Group 2 – Active treatment- application of ice in the first 24 hours and then neck mobilization using the Maitland technique (repetitive and passive movements within the patients’ tolerance with tiny movements and movements with a restricted amplitude for pain and spasm, and movements with larger amplitude for stiffness) and daily exercises of the cervical spine within pain limits every hour at home; application of local heat after each treatment; no analgesia was required.
Both groups were assessed for residual pain and cervical movement at four and eight weeks after the accident.
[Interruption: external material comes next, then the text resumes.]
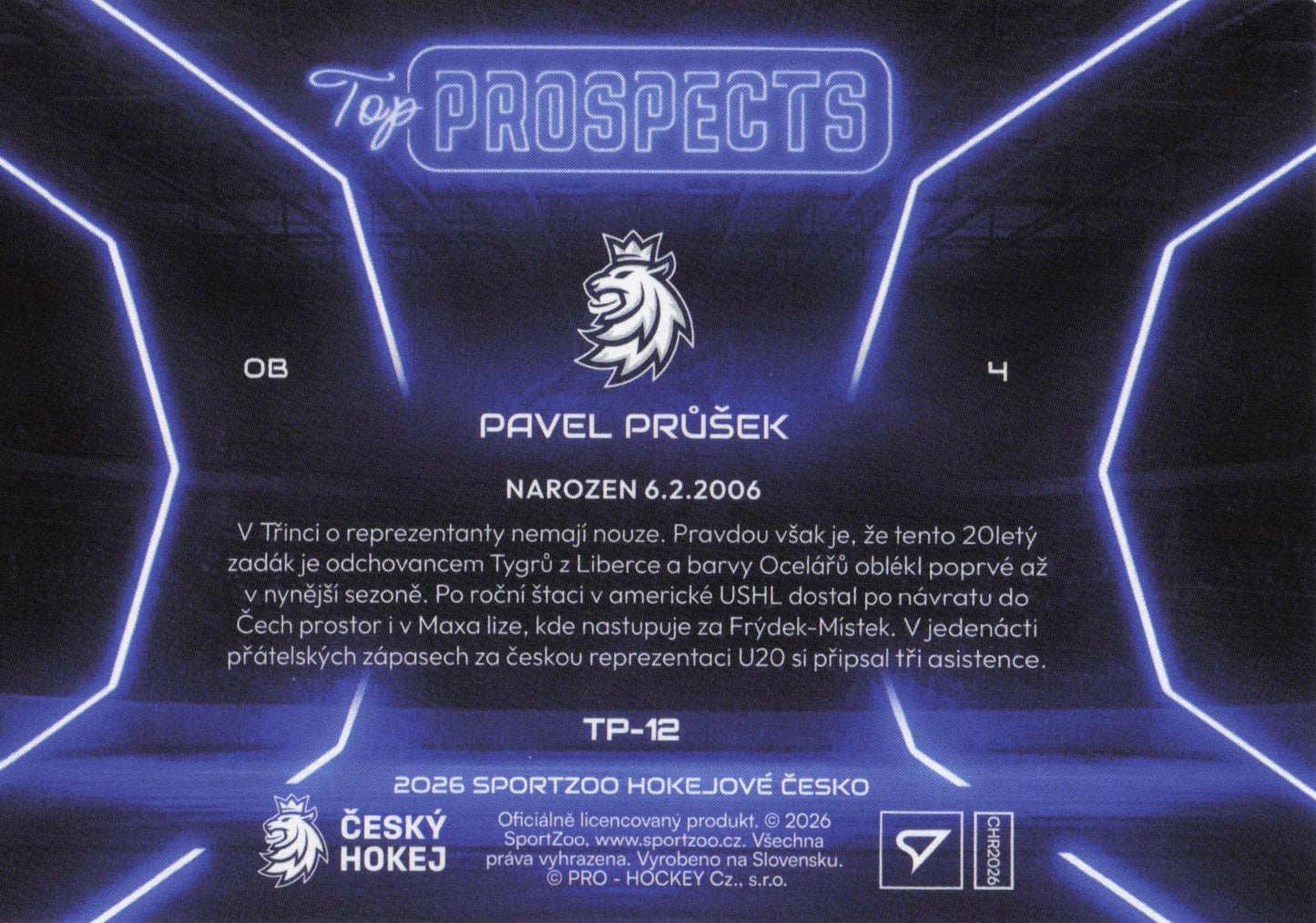 Top Prospect Limit /99 - 12 - Průšek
Results proved that patients who are treated actively show significantly greater improvement in both cervical movement and intensity of pain compared with patients treated the standard way. At four weeks, a significant increase in cervical movement occurred in the patients given active treatment but not in those given standard treatment. At eight weeks, the same findings were yielded indicating that the increase in cervical mobility occurred earlier and to a significantly greater degree with active treatment. In terms of pain, the improvement was greater at both four and eight weeks in the group given active treatment compared with those given standard treatment.
These results confirm the expectations that initial immobility (lack of movement) after whiplash injuries gives rise to persistent pain and stiffness whereas a more rapid improvement can occur by early active management without any consequent increase in discomfort.
British Medical Journal 1986; 292:656-657. From the Department of Orthopedics, St. James’s Hospital, Dublin 8, Ireland.